---- Data under study

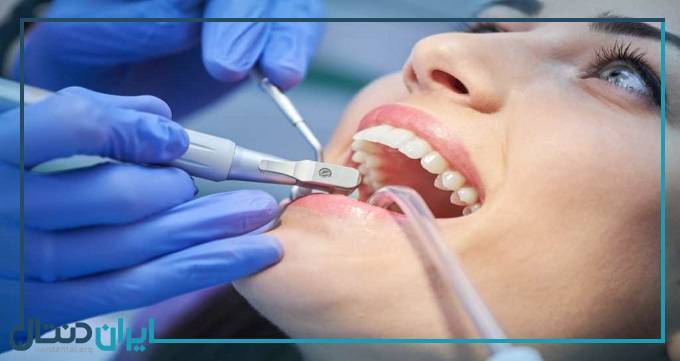 بهترین دندانپزشک زیبایی و ترمیمی در رشت【سال1402】❤️+ لیست 10 تایی - خبرخوان تی شین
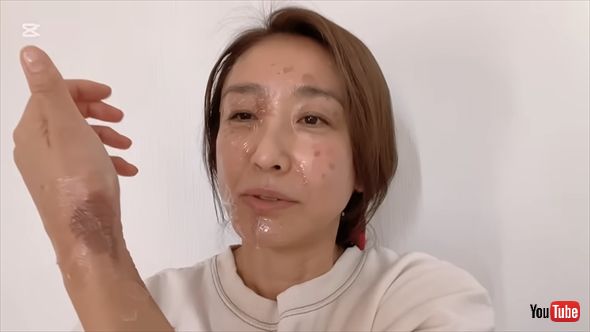 揚げ物中の事故で顔と腕に大やけどを負った高橋里華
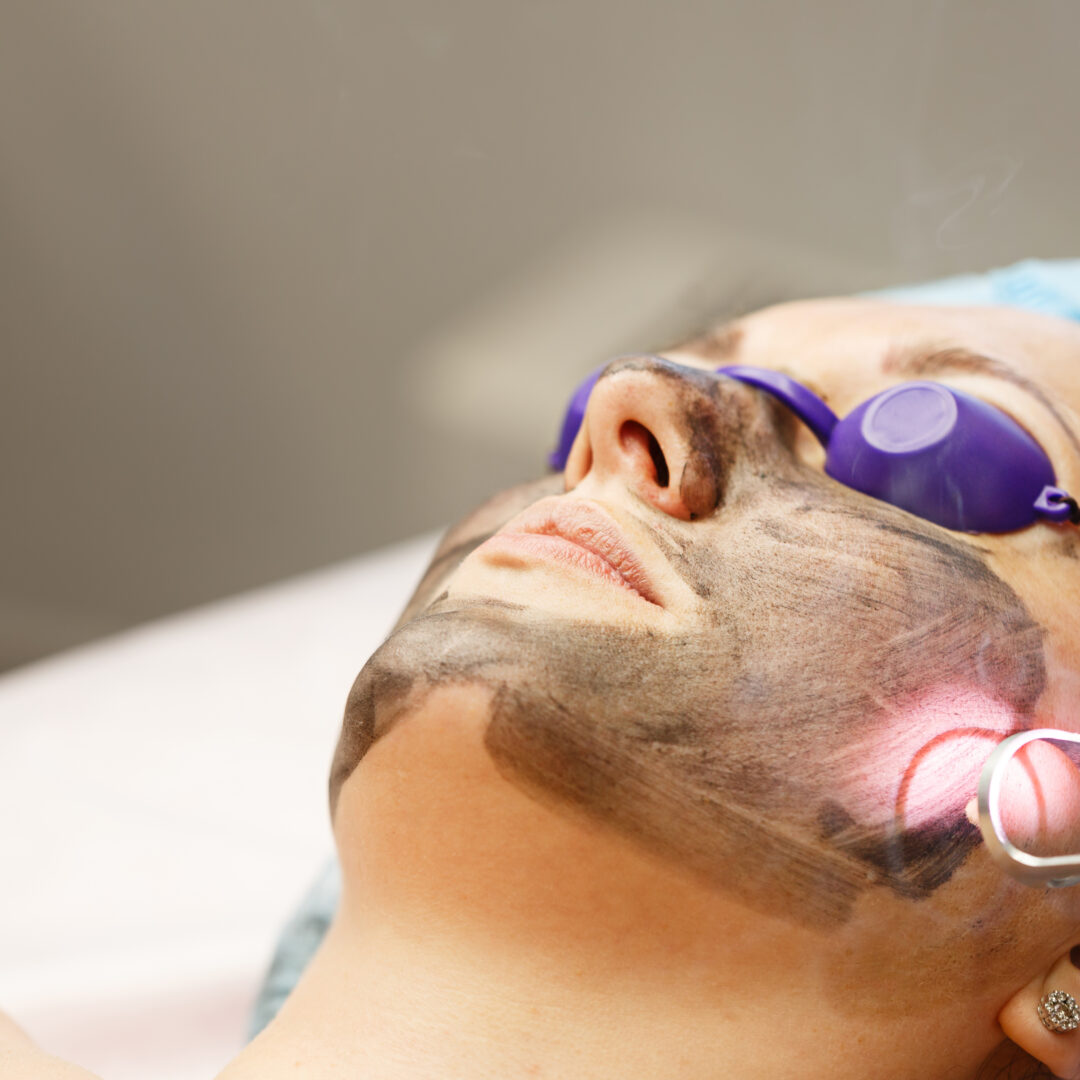 Carbon face peeling. Laser pulses clean the skin of the face. Hardware cosmetology. The process of photothermolysis, warming the skin. Facial skin rejuvenation.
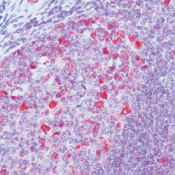Cyclin A Antibody in Immunohistochemistry (Paraffin) (IHC (P))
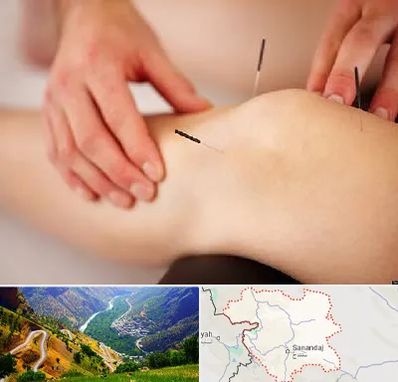 دکتر طب سوزنی برای لاغری در کردستان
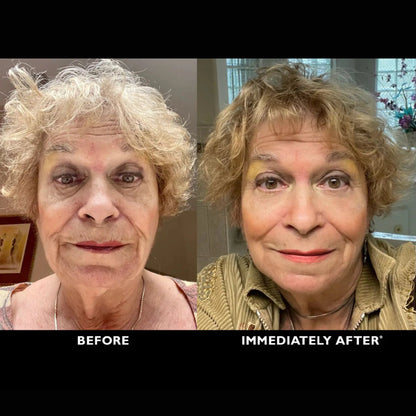 ElastiSkin Temporary Face Tightener 100ML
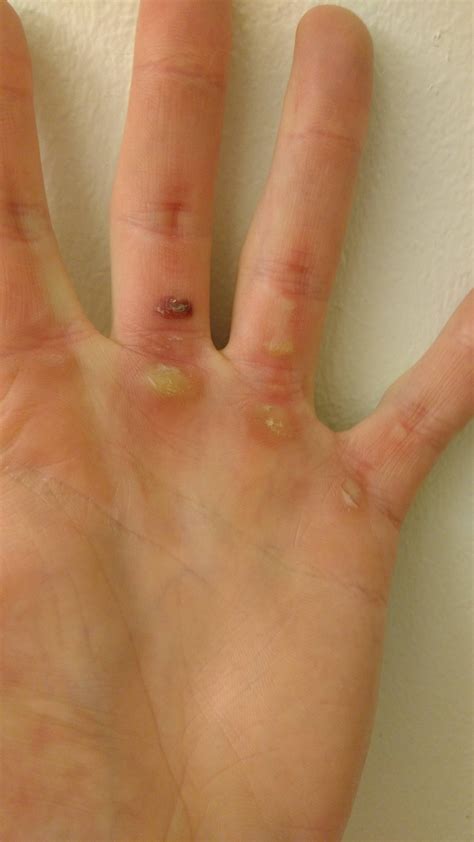 Bad calluses. Do i need to take a break from deadlifting? : Fitness
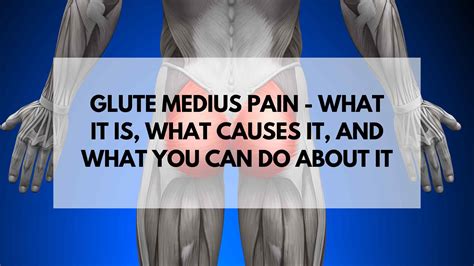 Gluteus Medius Pain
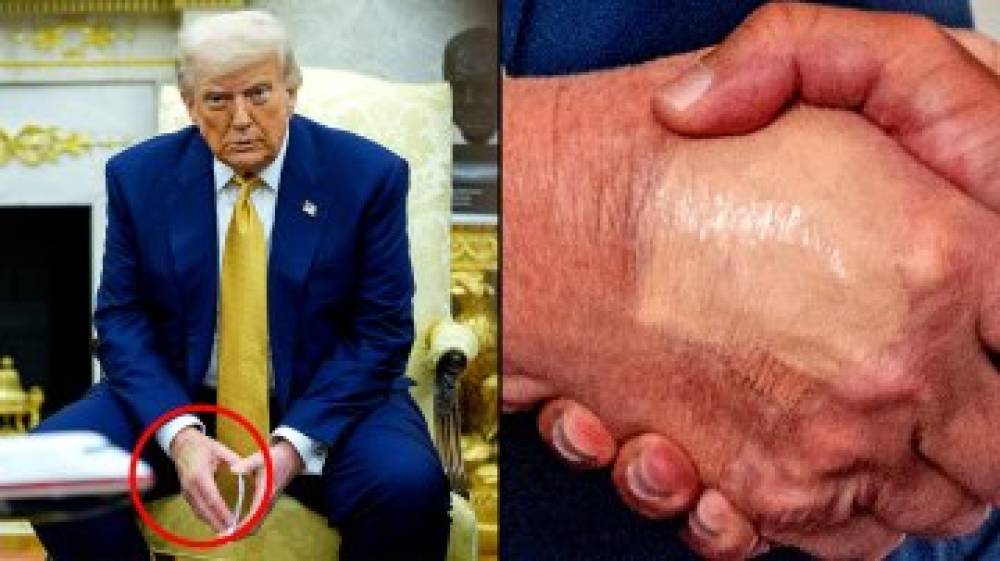 उम्र बढ़ने के कारण ट्रम्प को हुई नसों की समस्या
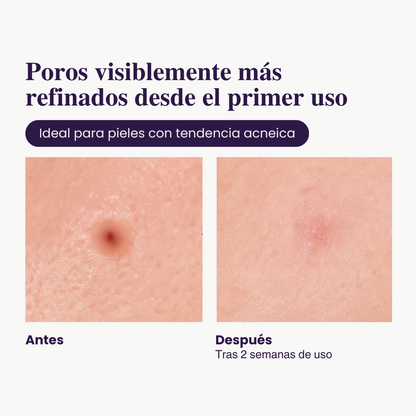 Ampolla Exfoliante con Arroz — Luminosidad Radiante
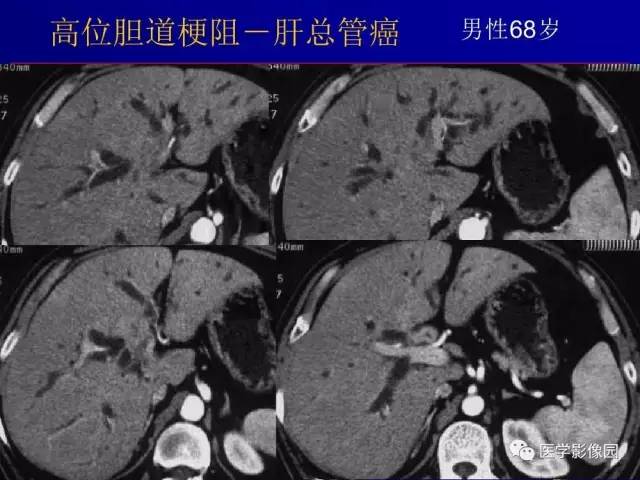 【PPT】胰腺及胆道肿瘤的CT、MRI诊断思路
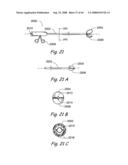 Devices, Systems and Methods for Treating Disorders of the Ear, Nose and Throat diagram and image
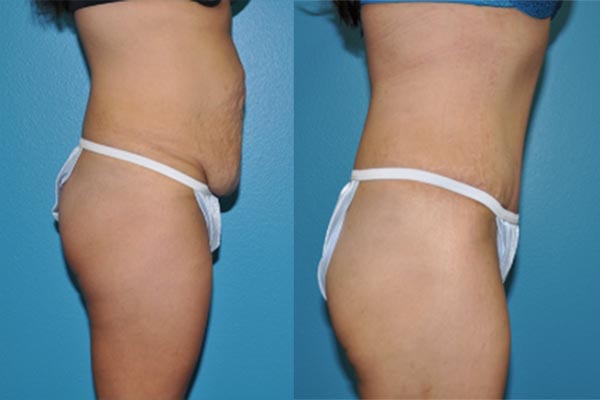 Abdominoplasty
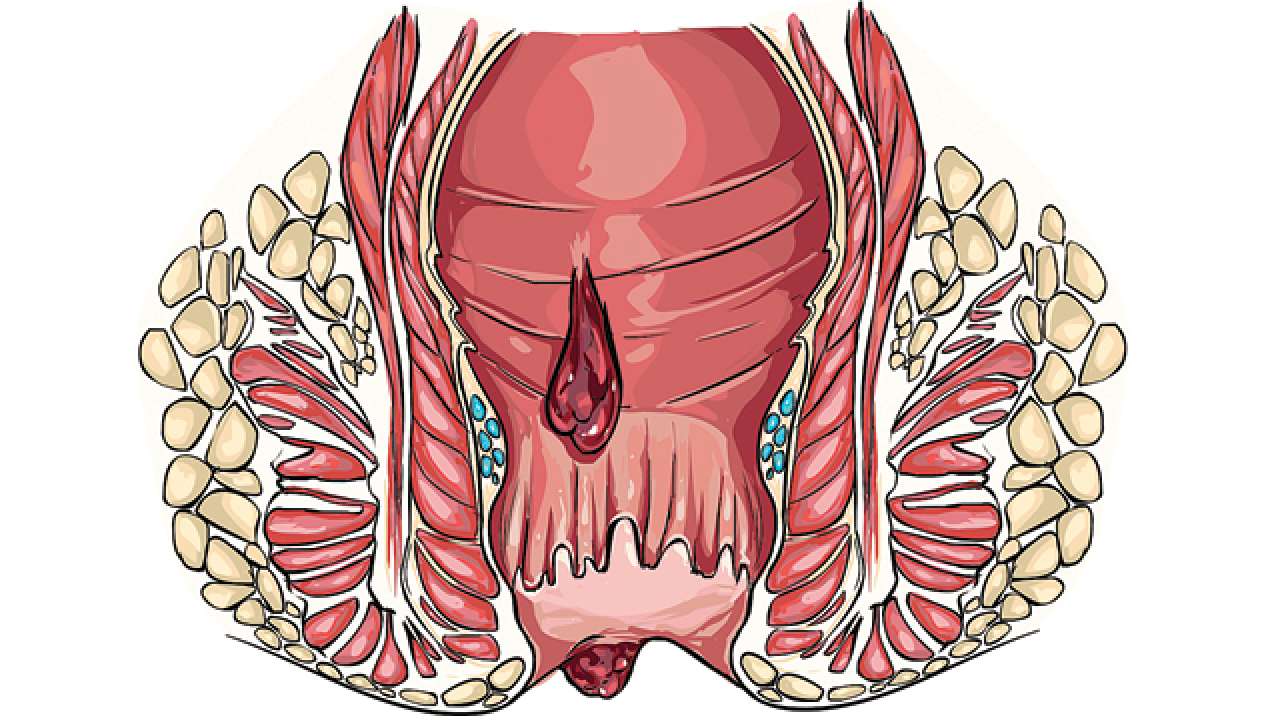 Novel Treatment For Anal Fistula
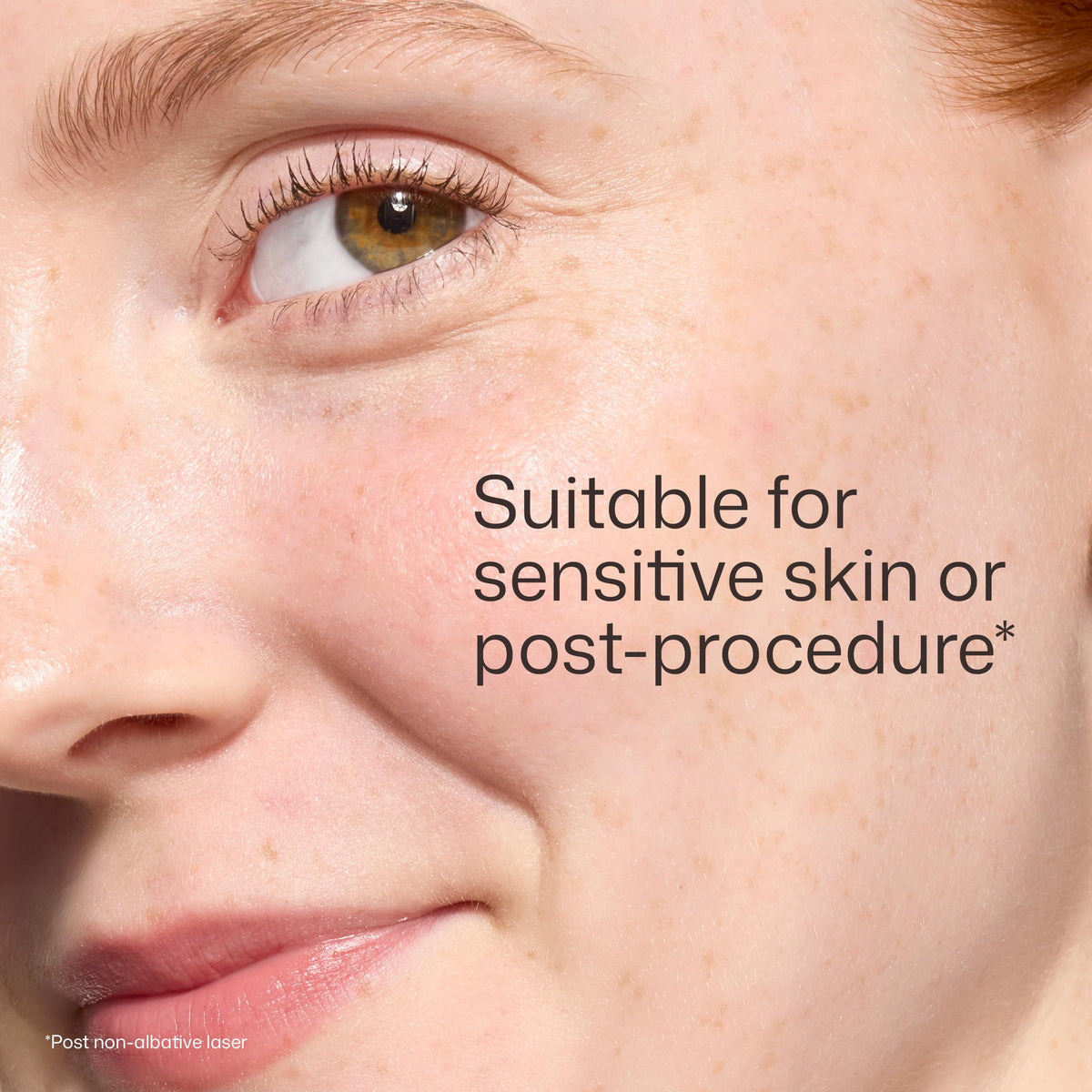 Cheek before and after EltaMD application showing reduced redness effect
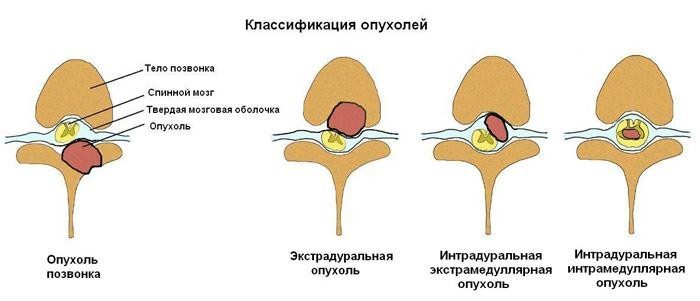 Лечение на менингиома на гръбначния мозък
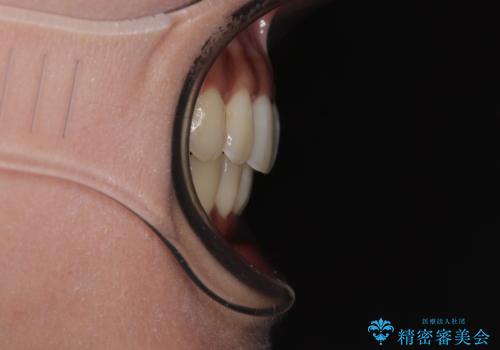 【モニター】上顎前突と奥歯の鋏状咬合 補助装置を用いたインビザライン矯正治療の治療後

--------

→ **Instructions for the task**
Pictures are to be left out; the lines from the start of the records above through the line holding "Лечение на менингиома на гръбначния мозък" are to be returned exactly.

→ **Task answer**
 بهترین دندانپزشک زیبایی و ترمیمی در رشت【سال1402】❤️+ لیست 10 تایی - خبرخوان تی شین
 揚げ物中の事故で顔と腕に大やけどを負った高橋里華
 Carbon face peeling. Laser pulses clean the skin of the face. Hardware cosmetology. The process of photothermolysis, warming the skin. Facial skin rejuvenation.
Cyclin A Antibody in Immunohistochemistry (Paraffin) (IHC (P))
 دکتر طب سوزنی برای لاغری در کردستان
 ElastiSkin Temporary Face Tightener 100ML
 Bad calluses. Do i need to take a break from deadlifting? : Fitness
 Gluteus Medius Pain
 उम्र बढ़ने के कारण ट्रम्प को हुई नसों की समस्या
 Ampolla Exfoliante con Arroz — Luminosidad Radiante
 【PPT】胰腺及胆道肿瘤的CT、MRI诊断思路
 Devices, Systems and Methods for Treating Disorders of the Ear, Nose and Throat diagram and image
 Abdominoplasty
 Novel Treatment For Anal Fistula
 Cheek before and after EltaMD application showing reduced redness effect
 Лечение на менингиома на гръбначния мозък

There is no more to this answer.